There is also ANOTHER DANGER. During the course of my experiments I had an accidental short on a 7 battery
pile to drive a magic eye tube. This went undetected for just a 1min or so and the batteries EXPLODED with a
loud pop and chemical smell. Some wires and areas were hot enough to start a fire! 9Volts may be small--but
they are no small matter! That's why many stun-guns can produce about 50-100kv that can drop a large man
powered off just one 9v battery!

If you did come in contact with high DC volts you could die or suffer permanent nerve damage! (loss of feeling or
movement) due to high voltage discharge. This can happen with HV capacitors as well, used in HV supplies for
amplifiers, flashes and all sorts of things. When I was in middle school a kid got in serious trouble for thinking
he could use this idea to make a zapper. I tried to warn him about how dangerous this was, he did not listen and
his friends are lucky to be alive thanks in part to how many times he shorted out the batteries to impress people
thus draining them.

Just put together a chain of 5 batteries for 45volts. Easy to do since 9v connectors use the same contacts as the batteries so they can be snapped together in a chain since (-) and (+) are always separate shapes. So, 9x5= about 45v-50vdc (45vdc is the old B+ battery standard voltage!) depending on the battery quality you may get a few more or less. Most 9v actually produce nearly 10v when new. You may want to current limit the system for safety reasons with a
resistor/capacitor combo (rated for the voltage/current needed-use Ohms law). 9v batteries in a pile produce plasma when arching that is very bright showing how dangerous they are! (Somebody showed us all how to do this on UTUBE)
They put out considerably more power then the old B batteries. Be sure to include a bleeder resistor to discharge any
capacitors used if you want to keep stable for a transmitter test or something and never leave a 9v pile laying around
where someone may find it and not understand how dangerous it is!
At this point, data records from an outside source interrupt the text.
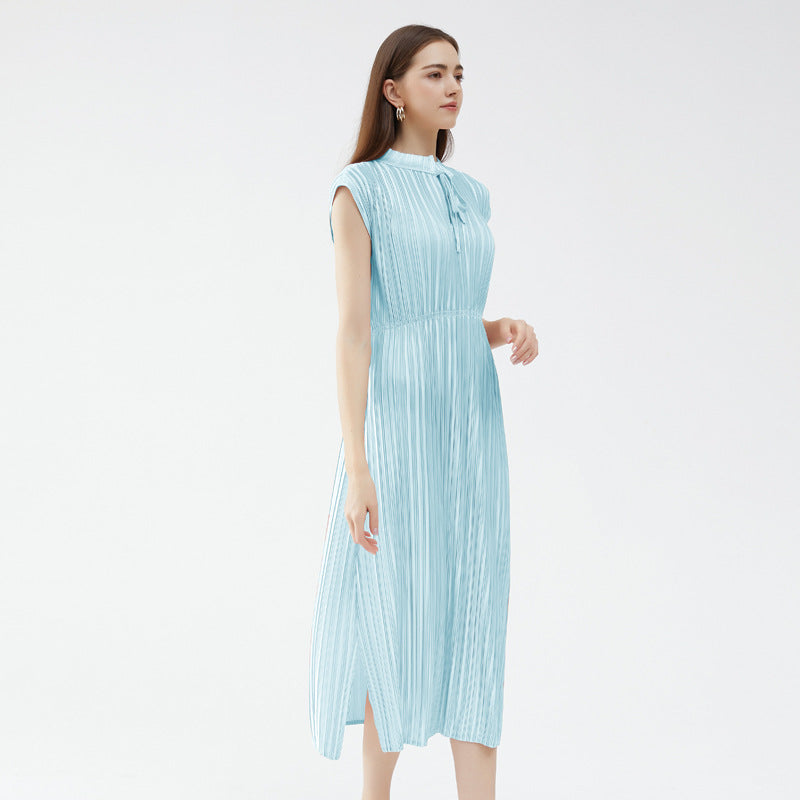 Stand-up collar dress 2025 spring new original design solid color splicing long loose and comfortable wrought silk high waist skirt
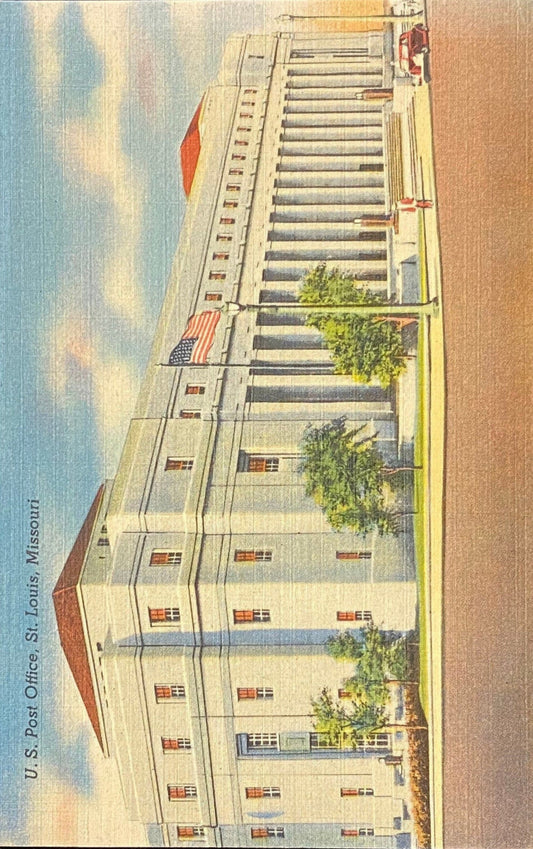 U.S. Post Office, St. Louis, Missouri - 1940s Linen Postcard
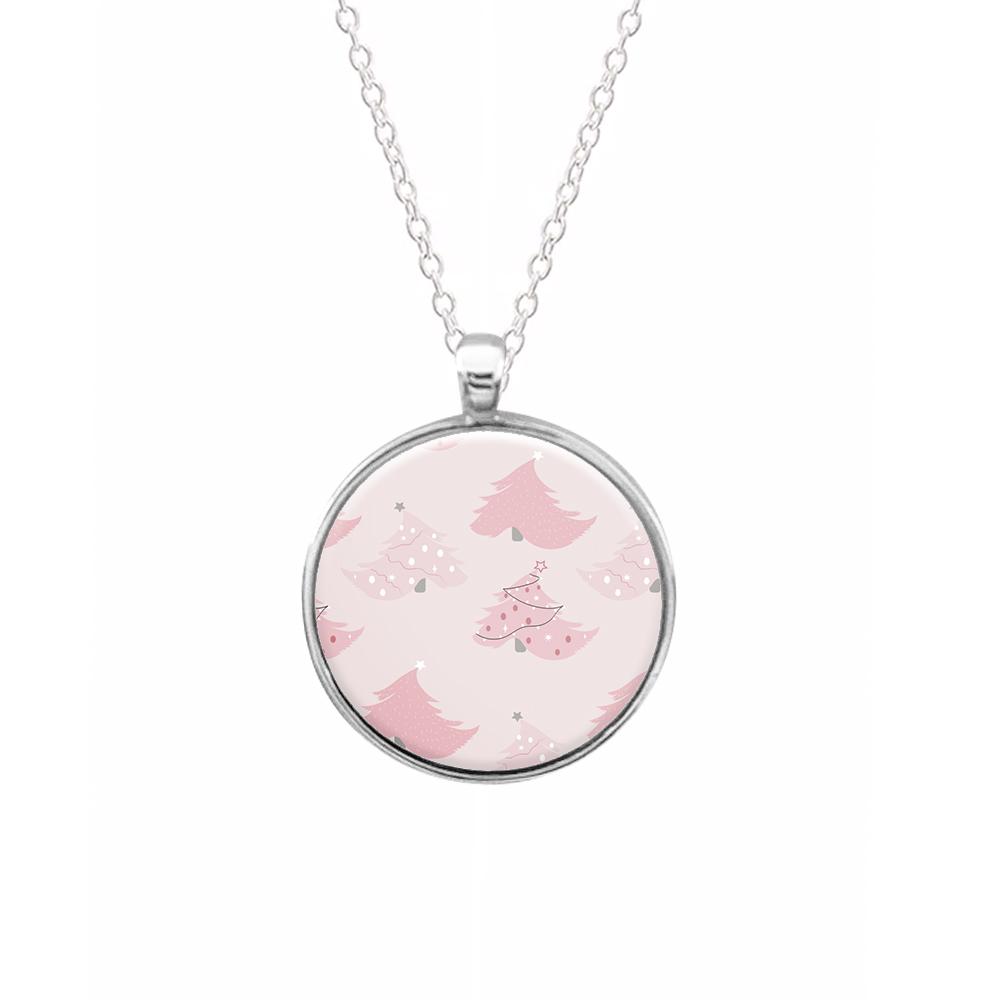 Pink Christmas Tree Pattern Necklace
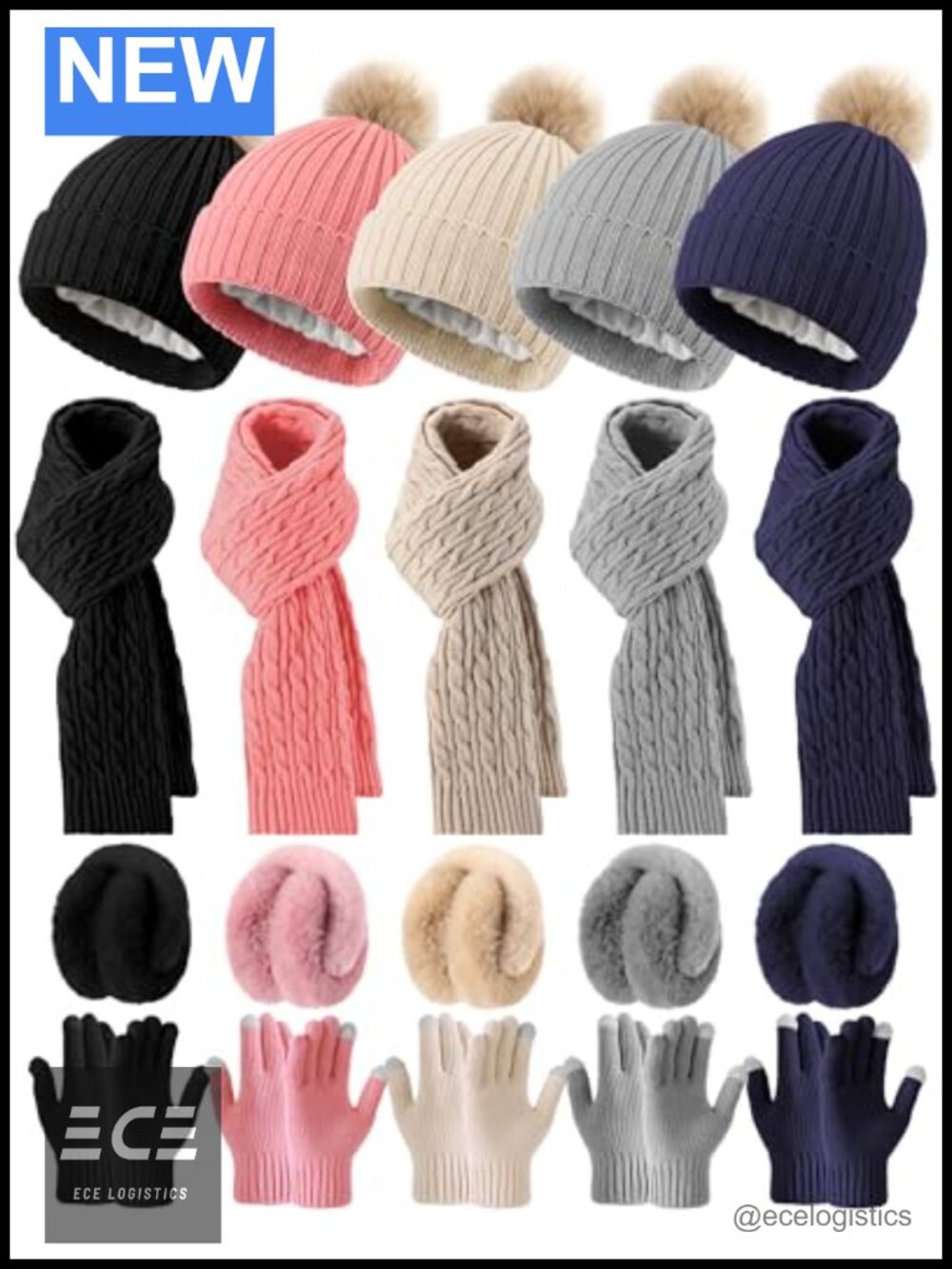 Women's 20 Pc Winter Beanie Hat Scarf Gloves Earmuff Set Acrylic Knit Pompom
In theory, there is no limit to how many you can chain together other then your budget and your sanity! More then
200=1800+volts which is more then enough to run many amateur radio power tube transceivers at least for a time
depending on how many watts they need. I used this to power an all tube portable 1950s AM radio recently with
nothing but nearly dead 9V 5-8volt measured--and was able to pickup the local AM stations very well and hear them
loudly through the speaker.

There are some great but complex schematics on line which require lots of parts and others that don't. The 555 timer
is a good chip to learn how to use as you can pulse any frequency into a transistor and drive a transformer making for
a very stable output. Great if you have the experience, time and money to build. However--this is what to do if you
just want a basic supply for a tube amp or radio--to test it or use it for a while. Good luck!